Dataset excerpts
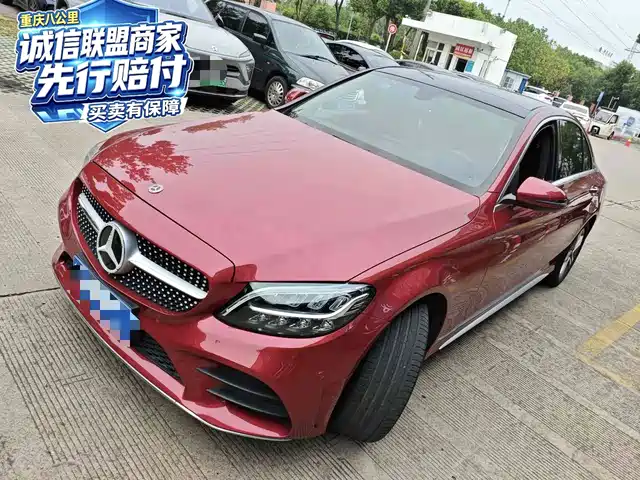 Mercedes-Benz C-Class 2020 г.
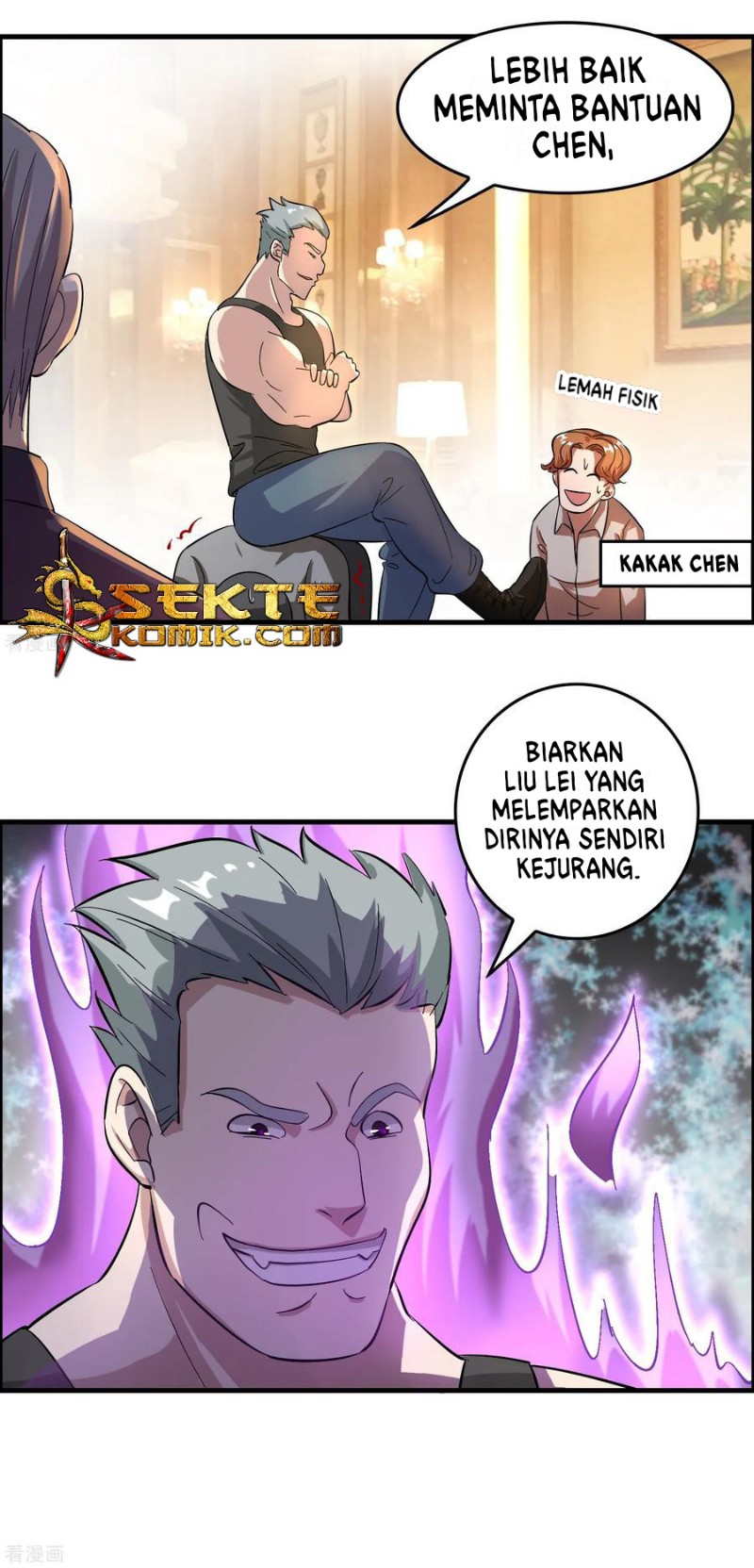 Outlander Tyrant Supplier Chapter 28 - halaman 29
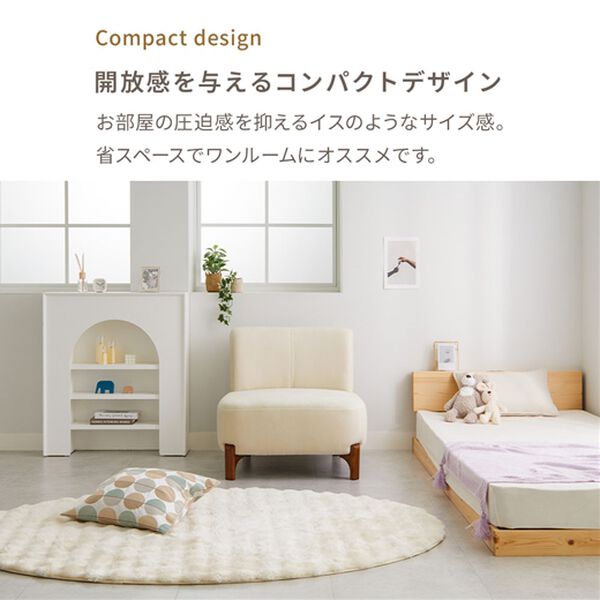 iellio（イエリオ）の「木脚コンパクトソファＤａｒａｍ＜１人掛ソファ＞（ソファ）」｜詳細画像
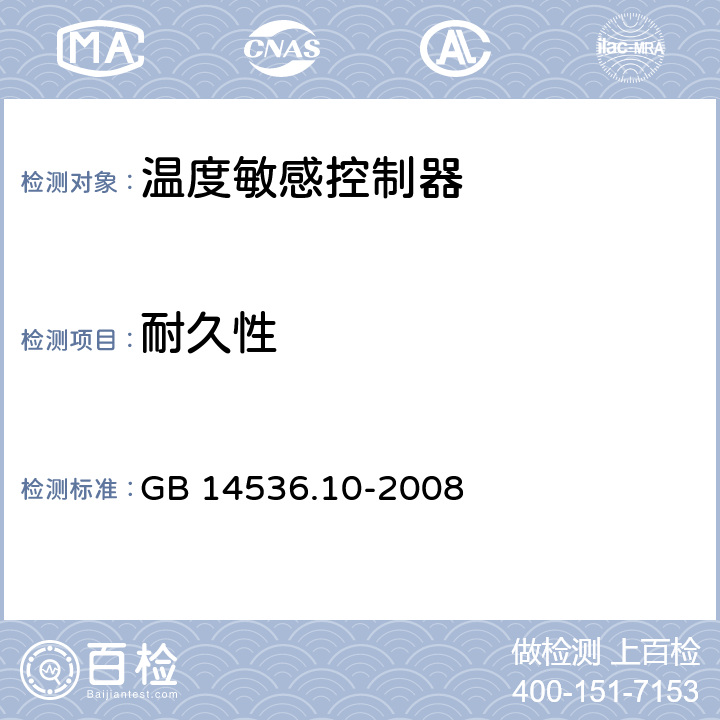 耐久性 家用和类似用途电自动控制器 温度敏感控制器的特殊要求 GB 14536.10-2008 17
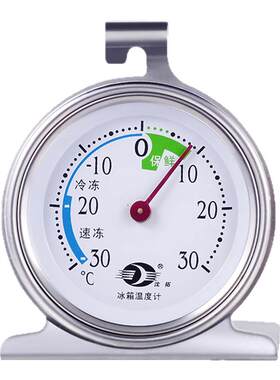 沈拓冰箱温度计ABS材质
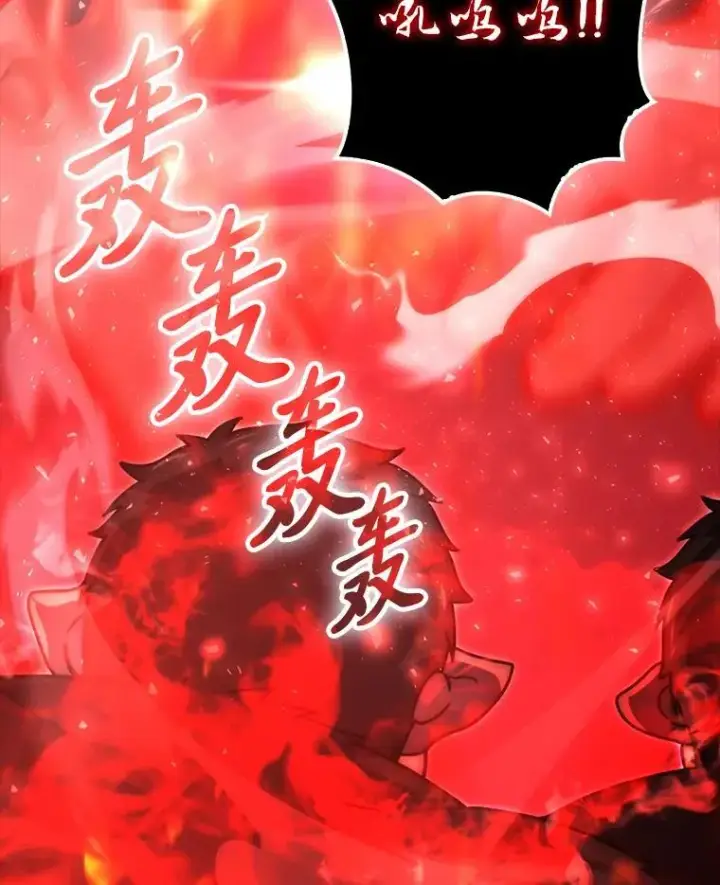 《勇士非也, 魔王是也》89.首战告捷图52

* [Directions for this task]: All that belongs in the answer is the lines from the line with "iellio（イエリオ）の「" through the closing line of the entries, inclusive, transcribed exactly and free of pictures.

* [Exercise result]:
 iellio（イエリオ）の「木脚コンパクトソファＤａｒａｍ＜１人掛ソファ＞（ソファ）」｜詳細画像
 耐久性 家用和类似用途电自动控制器 温度敏感控制器的特殊要求 GB 14536.10-2008 17
 沈拓冰箱温度计ABS材质
 《勇士非也, 魔王是也》89.首战告捷图52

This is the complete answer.